▶ **What to produce**
Leave the pictures out, and transcribe the material below exactly from the line with "Santa Fe Style" to the line with "Juego de Bolsas", both lines included.

▶ **Stored data**
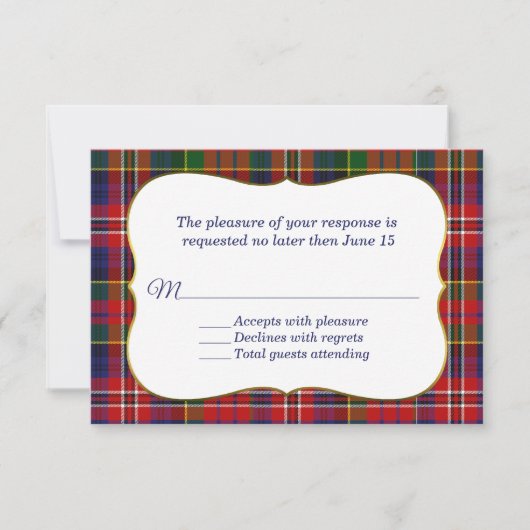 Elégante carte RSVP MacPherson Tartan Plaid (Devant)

--

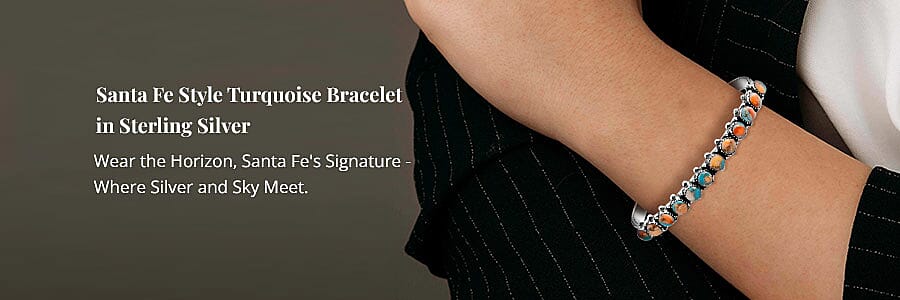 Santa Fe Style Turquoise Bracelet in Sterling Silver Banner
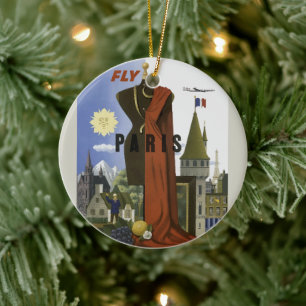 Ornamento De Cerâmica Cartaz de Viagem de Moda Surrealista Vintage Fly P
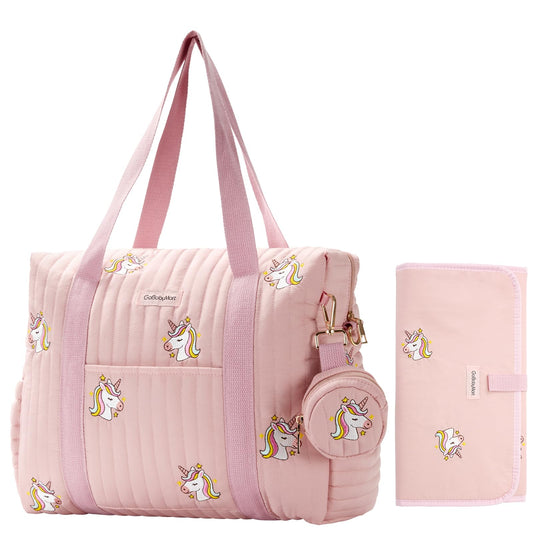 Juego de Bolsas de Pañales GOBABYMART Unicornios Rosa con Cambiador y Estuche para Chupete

---

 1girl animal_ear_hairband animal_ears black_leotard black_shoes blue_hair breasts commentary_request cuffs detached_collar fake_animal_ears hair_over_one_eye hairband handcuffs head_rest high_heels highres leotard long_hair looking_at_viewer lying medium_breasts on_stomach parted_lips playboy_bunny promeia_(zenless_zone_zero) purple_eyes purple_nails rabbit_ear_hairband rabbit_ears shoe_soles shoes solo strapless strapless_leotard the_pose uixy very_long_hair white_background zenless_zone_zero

▶ **Problem solution**
 Santa Fe Style Turquoise Bracelet in Sterling Silver Banner
 Ornamento De Cerâmica Cartaz de Viagem de Moda Surrealista Vintage Fly P
 Juego de Bolsas de Pañales GOBABYMART Unicornios Rosa con Cambiador y Estuche para Chupete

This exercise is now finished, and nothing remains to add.